Short descriptive text snippets
▶

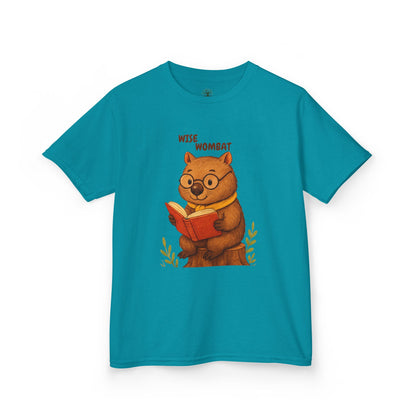 Comfy Kids Tee - Wise Wombat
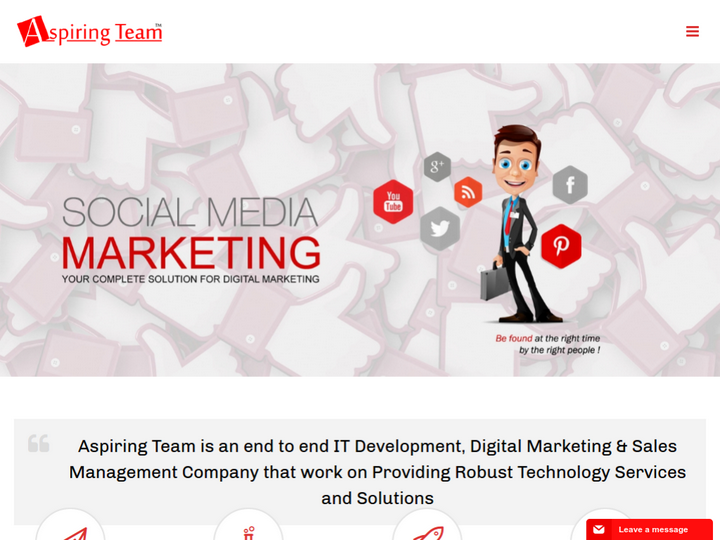 Aspiring Team System Pvt. Ltd. Profile, News, Client Reviews & Ratings At 10SEOS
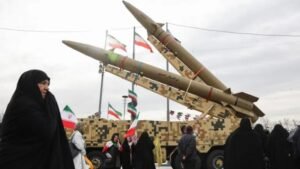Rudal 1 Ton Meluncur Lagi: Iran Hantam Target AS-Israel, Haifa Ikut Disasar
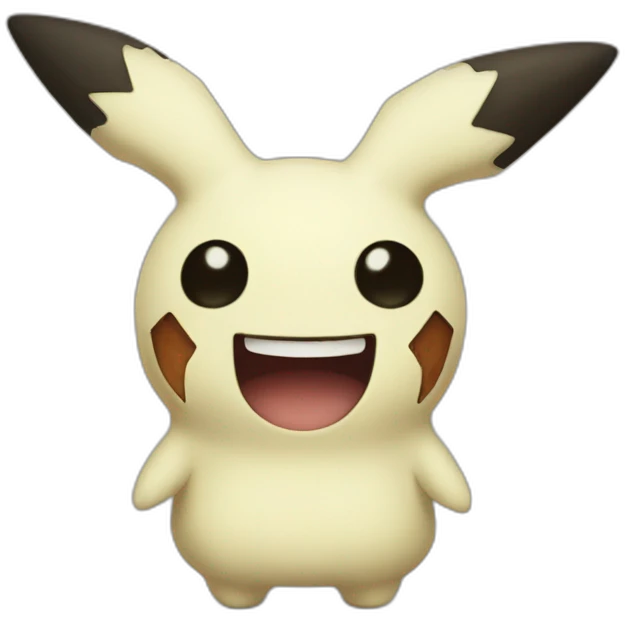 Mimikyu-cute-face emoji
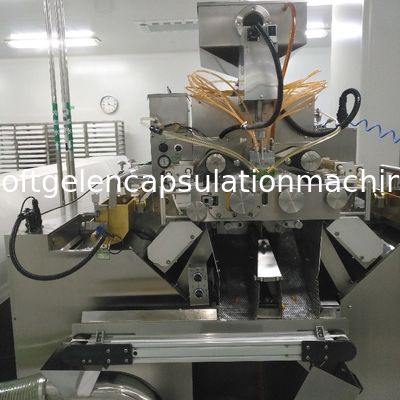 10 Zoll-große Skala-Fisch-Öl Softgel-Kapsel-Maschine/Verkapselungs-Maschine S610
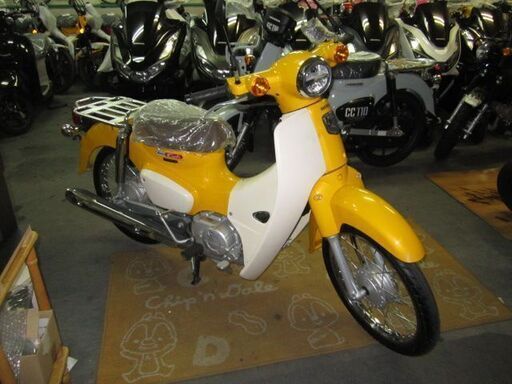 HONDA希少スーパーカブ50入荷致しました！リフレッシュメンテナンス済みです。希少なパールシャイニングイエロー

◀

- _Work to complete_:
Please set down the records above word for word and omit their pictures.

- _Task output_:
 Comfy Kids Tee - Wise Wombat
 Aspiring Team System Pvt. Ltd. Profile, News, Client Reviews & Ratings At 10SEOS
Rudal 1 Ton Meluncur Lagi: Iran Hantam Target AS-Israel, Haifa Ikut Disasar
 Mimikyu-cute-face emoji
 10 Zoll-große Skala-Fisch-Öl Softgel-Kapsel-Maschine/Verkapselungs-Maschine S610
 HONDA希少スーパーカブ50入荷致しました！リフレッシュメンテナンス済みです。希少なパールシャイニングイエロー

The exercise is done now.